Zacatecas was once a wealthy town, built on greed and on the backs of slave labor. I never would have thought about the town’s origins if it weren’t for the main tourist attraction here.
It’s not a museum, it’s a multisensory experience Showing Greed and EXCRUCIATING Laobr
This experience is called El Eden mine. The Spanish began digging the mine in 1586, and the mine was still in operation until 1960. There’s still silver in here, but the mine is too close to the town. The explosions were causing structural damage to the town, so El Eden was closed forever.
It’s not accurate to say the Spanish began digging in 1586, because their indigenous slave labor did all the work. They shipped most of the gold in this region back to Spain, but many churches here are still filled with gold.
Here we are, 1,150 feet (350 meters) below the surface of the mountain.
The mine feels cold and damp, but so picturesque.
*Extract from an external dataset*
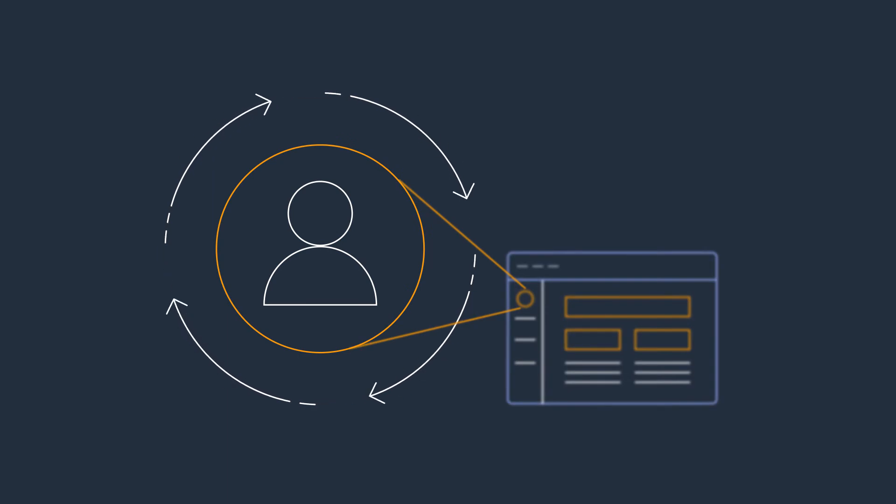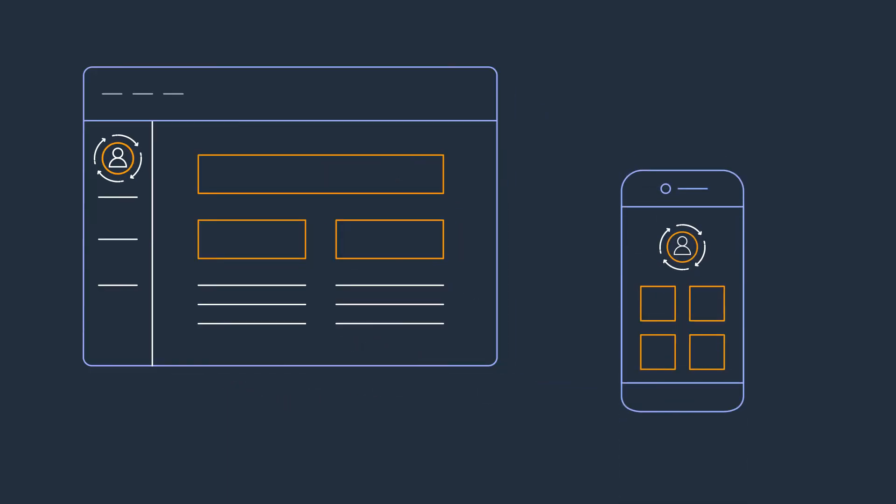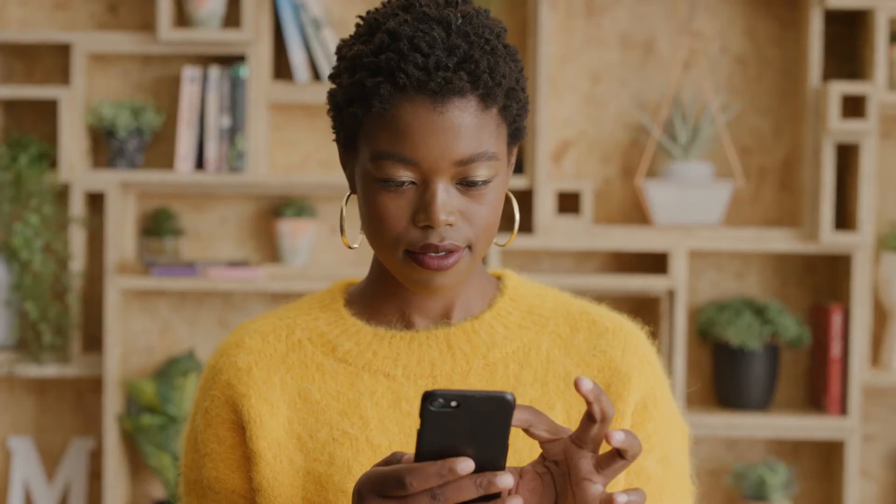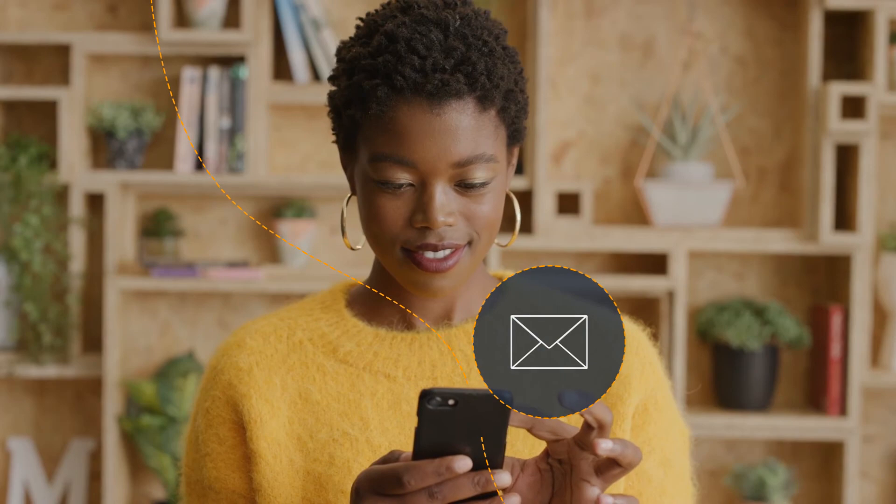You can easily integrate Amazon Personalize into your existing websites, apps, SMS, and email marketing systems to deliver unique experiences for your customers across channels and devices.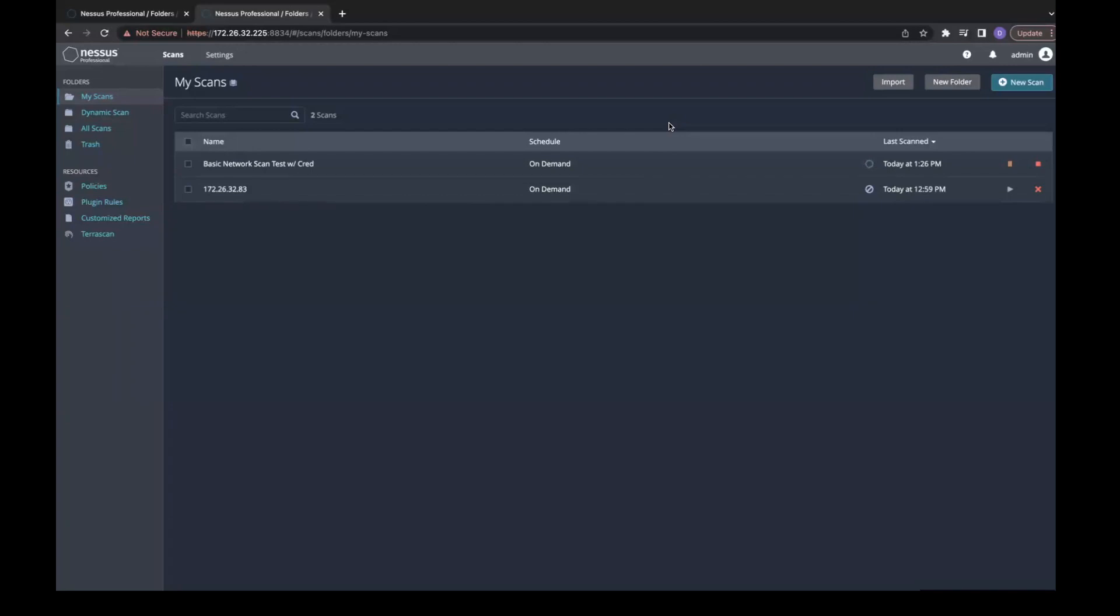This addresses the issue of a 10-year-old vulnerability ranked critical by CVSS, but actually is very unlikely to be used in any exploitation framework.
Maybe it´s because of the the colorful illumination.
Indigenous boys as young as eight years old were forced to work in the mine.
In the accompanying photo, two boys are climbing a ladder with sacks of gold on their backs. Slipping off the ladder meant killing everyone else on the ladder below them.
The state of Zacatecas is full of mines, some gold, some silver, and so is the neighboring state of San Luís Potosí is, too.. The Spanish brought the gold to Veracruz, and then shipped most of it back to Spain.
Figures adorn the mine, illustrating the backbreaking labor and danger over the mine’s 400-year history. We saw the town in a different way when we returned to it. We understood Mexico in a different way, too. Zacatecas, like so many other Mexican towns, was built by greed and on the backs of excruciating labor.
How To Find El Eden Mine
When you visit, a tour guide will lead you through the mine, telling you the mine’s history and the legends.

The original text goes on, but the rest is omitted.